Hiddink'in en önemli artılarından bir tanesi, sabit bir sistem belirleyip hangi takıma giderse gitsin oyuncuları bu sisteme oturtmaya çalışmak yerine oyunculara göre bir sistem belirlemesi. Yani duruma göre kendini değiştirebilen bir adam ki bu onun en önemli özelliği. Tabi takımlarının bazı özellikleri ortak. Dinamik, hem savunma hem hücum yönü iyi olan kanat adamları, rakibi çok iyi kitleyen bir orta saha ve attırmamaktan çok atmayı düşünen bir takım karakteri. Özellikle Hiddink'in takımlarının oyuncuları hem defansif hem hücum yönü güçlü olan oyunculardır. Zaten yetiştiği ülkenin total futbol karakterinin ve Rinus Michels'in öğretilerinin bir örneği bu. Dolayısıyla Chelsea böyle oynayacak. İşini kolaylaştıracak ölçüde Frank Lampard, Michael Ballack, Obi Mikel gibi göbek adamları zaten bu karakterde olan oyuncular. Ancak Solomon Kalou ve Malouda'nın onun futbol tercihinde zorluklar yaşayacağını düşünüyorum. Drogba, Michael Essien gibi adamların da performansını artıracağını düşünüyorum. Hiddink'in bir başka önemli özelliği kadrodaki futbolcuları çok iyi tanıması, her birini en iyi performans vereceği noktalara yerleştirmesi ve bu sayede de elindeki malzemeden maksimum faydayı sağlaması. Bütün bunlar Chelsea'nin Scolari döneminden daha iyi bir performans göstereceğinin işaretleri.

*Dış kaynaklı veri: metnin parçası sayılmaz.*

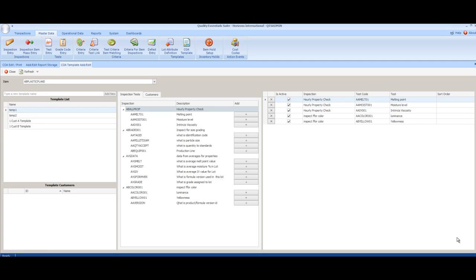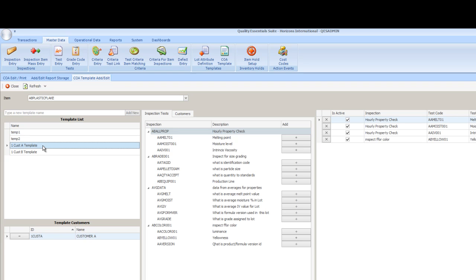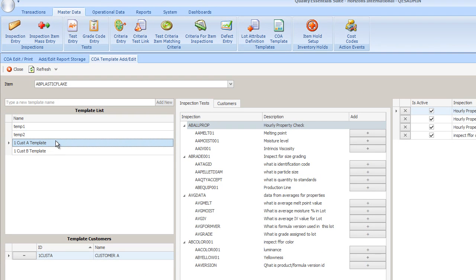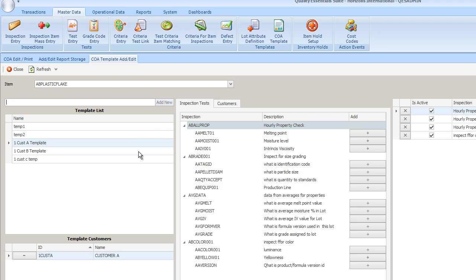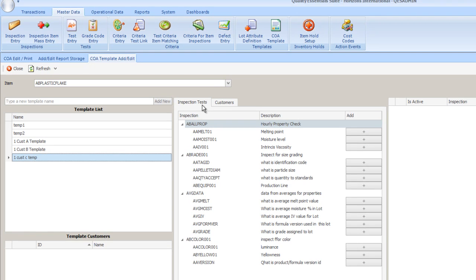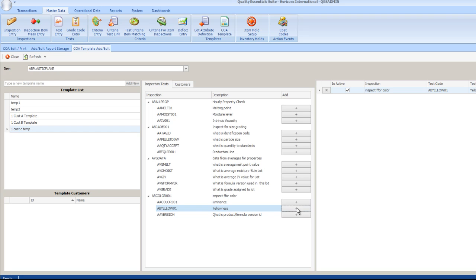To create COA templates, we use the COA template add edit form that is found in the Master Data tab in Quality Essential Suite. We begin by identifying the item number we wish to create the COA template for. You'll notice for our AB Plastic Flake, we currently have four templates that have already been created. If I select the template that's labeled for Customer A, we will also see in the lower left that Customer A has been assigned to this template. If I want to create a new template for Customer C, I'm going to create a customer name for the template. Then I'm going to add that template to our list of existing templates. When I click on that added template, my inspection test form in the center of the panel will be refreshed, and from that list I can select exactly the tests that Customer C wishes to have reported. Those would be the test for yellow that's found here at the bottom, and the test for moisture.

BBC'de Hiddink'in bu sene kaç kupa kazanacağı ile ilgili bir anket var. % 75 oranıyla "hiçbir kupa" seçeneği önde. Geri kalan % 25 oranı 1-2 ve 3 kupa arasında paylaşılmış durumda. Dolayısıyla İngilizler pek umutlu değiller. Ancak Hiddink'in gerçekleşemeyeni var etme gibi bir özelliği var. 2002 Dünya Kupası elemerinde Avustralya play-off finalinde Uruguay ile karşılaşmış ve barajı geçememişti. 4 sene sonra bu 2 takım ilginç şekilde yine karşı karşıya geldiler son play-off maçında. Bir fark vardı. Hiddink 4 sene önce yoktu, bu sefer Avustralya'nın başındaydı. Avustralya tarihinde ilk kez dünya kupasına gitti. Dolayısıyla çok karamsar olmamak lazım. Bu arada dikkatimi çeken bir başka şey var. Türkiye'de eleştirmenlere, eleştirdikleri eski futbolcular tarafından arada bir "kaç sene top oynadın?" tarzında acaip bir soru yöneltilir. Hatta daha önce futbol oynamamış ya da kariyerleri başarılı geçmemiş teknik adamların çok başarılı olamayacağı söylenir. Alex Ferguson, Jose Mourinho, Arsene Wegner, Rafa Benitez, Guus Hiddink....Bu adamların hiçbirisi kariyerlerinde sıradan bir futbolcu olmanın ötesine geçemediler. Mourinho futbolculuk kariyerine bile sahip değil. Ama bu 5 adam bugün dünyanın en büyük 10 futbol zekasının arasında şüphesiz. Bu zırvayı bir kenara bıraksak iyi olacak sanırım.

4 yorum:

Adsız dedi ki...

Ehehe Hiddink bu resimde Ferhat Güzel gibi çıkmış=)

ragip dedi ki...

Yanlış hatırlamıyorsam Arrigo Sacchi "futbolculuk kariyeri olmadan nasıl teknik direktörlük yapılabilir ki?" şeklinde bir soru yönelten muhabire "bu durumda iyi bir jokey olmak için öncelikle at olmak gerekir."diyerek cevap vermişti.
Bu teknik direktörlerin bulundukları pozisyon da herhalde yukarıdaki cevabı doğruluyor

Adsız dedi ki...

Ulen bizden kovulan soluğu Chelsea de alıyor ne iş yav :))

Ferman

Radical Media dedi ki...

Ziya Şengül'ün " göndersinler bu adamı futbol bilen birini getirsinler bu takımın başına " vecizesi geldi aklıma ...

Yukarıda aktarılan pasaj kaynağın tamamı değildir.